Data extract ->

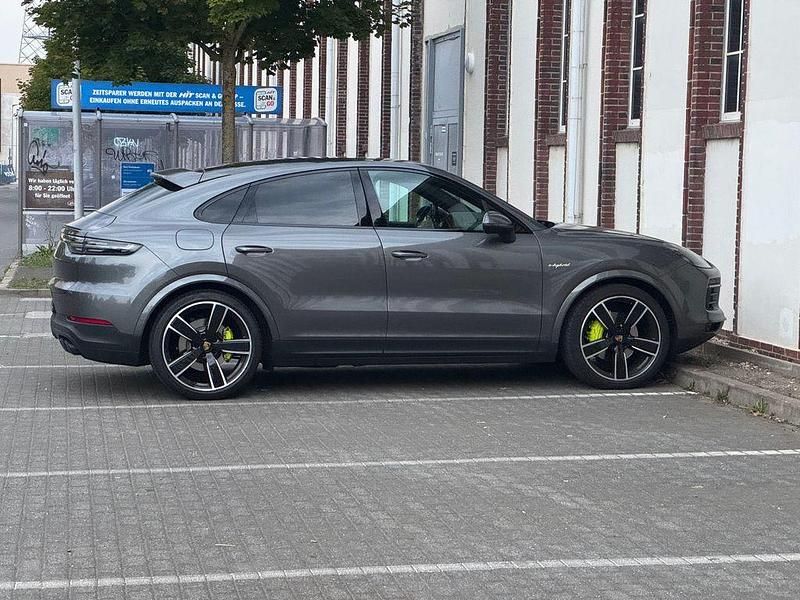 Gebraucht Porsche Cayenne 462 PS (339 kW) 2021 Grau SUV
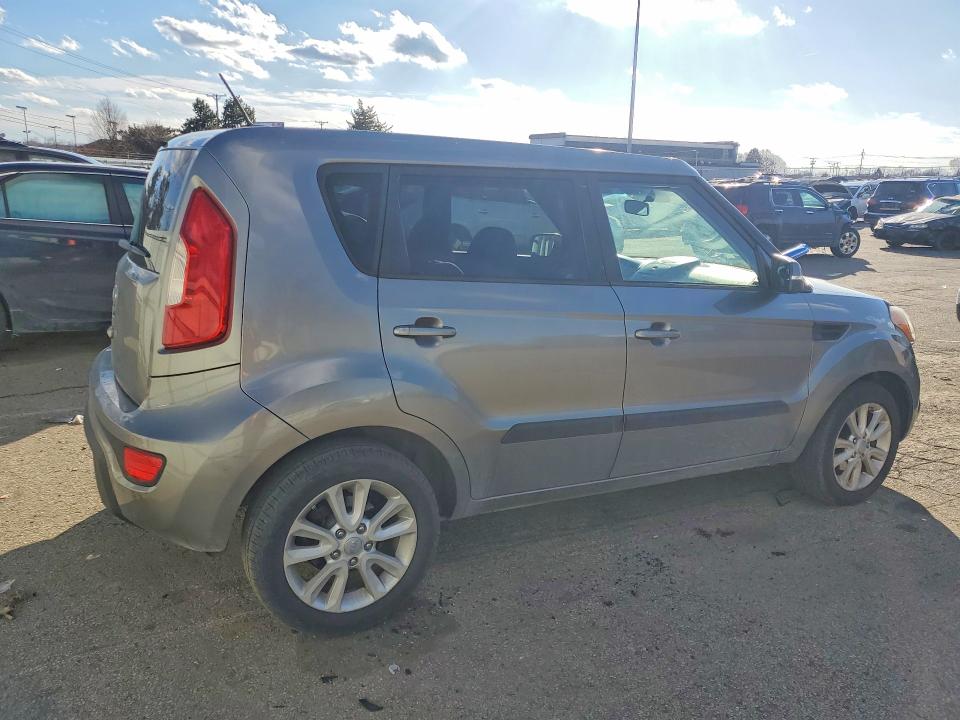 2012 Kia Soul VIN KNDJT2A64C7380692 COPART salvage auction — SIDE, Oh - Cert Of Title-Salvage, sold $550 on 2026-07-10 (photo 3)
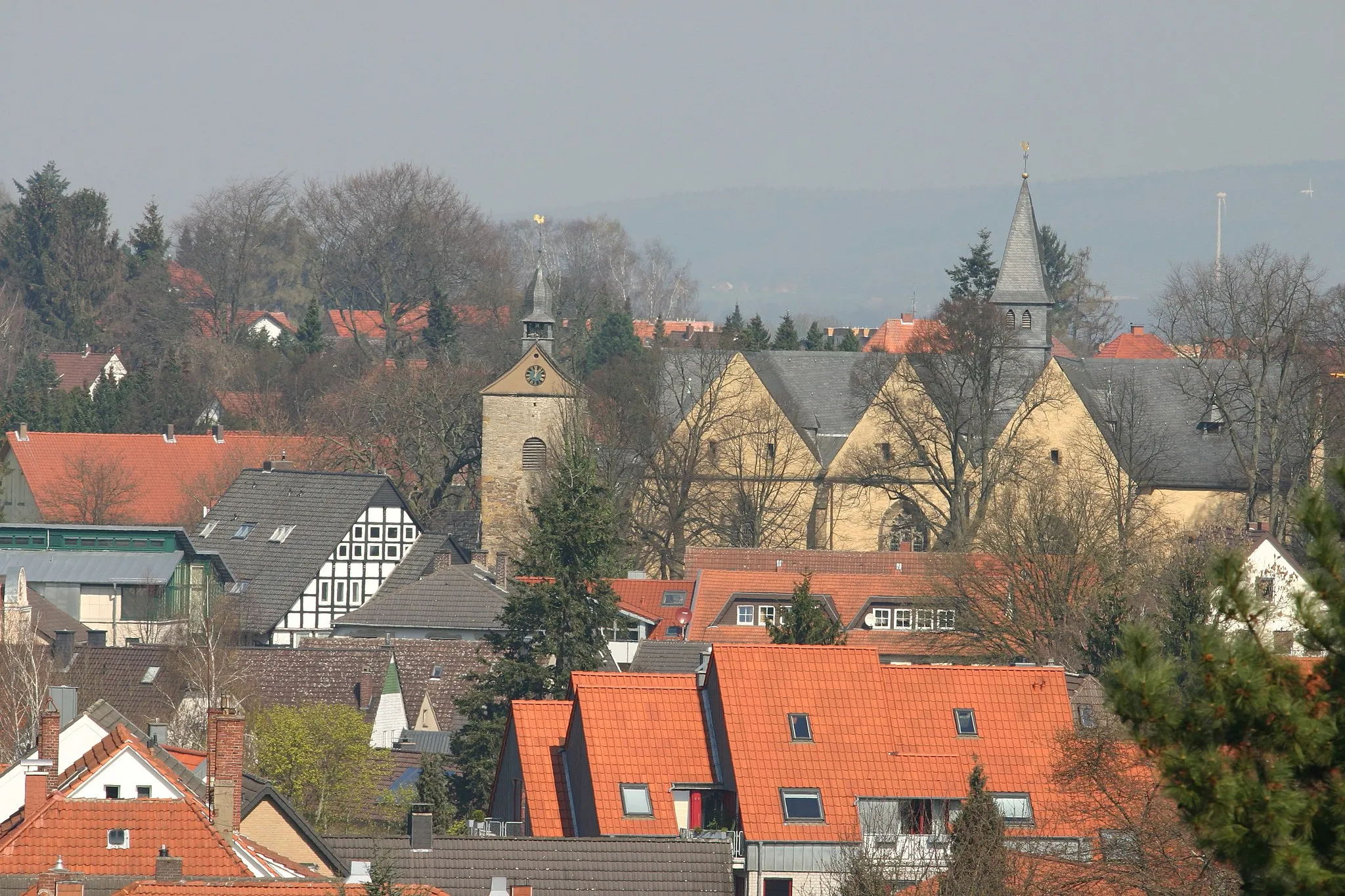Photo showing: Blick über Enger mit der Stiftskirche. Fotografiert vom Liesberg.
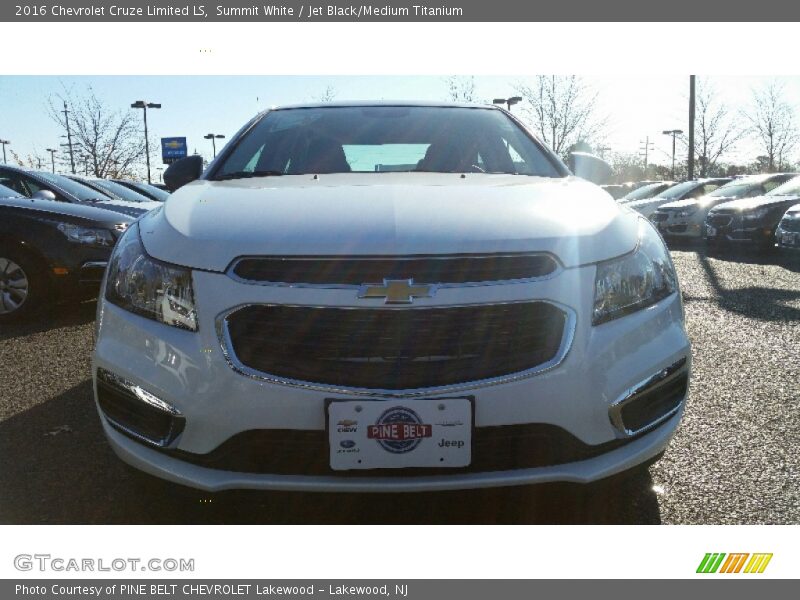 Summit White / Jet Black/Medium Titanium 2016 Chevrolet Cruze Limited LS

What needs to be done -> Ignore the images and quote every line of the listing exactly.

Output for this exercise ->
 Gebraucht Porsche Cayenne 462 PS (339 kW) 2021 Grau SUV
 2012 Kia Soul VIN KNDJT2A64C7380692 COPART salvage auction — SIDE, Oh - Cert Of Title-Salvage, sold $550 on 2026-07-10 (photo 3)
Photo showing: Blick über Enger mit der Stiftskirche. Fotografiert vom Liesberg.
 Summit White / Jet Black/Medium Titanium 2016 Chevrolet Cruze Limited LS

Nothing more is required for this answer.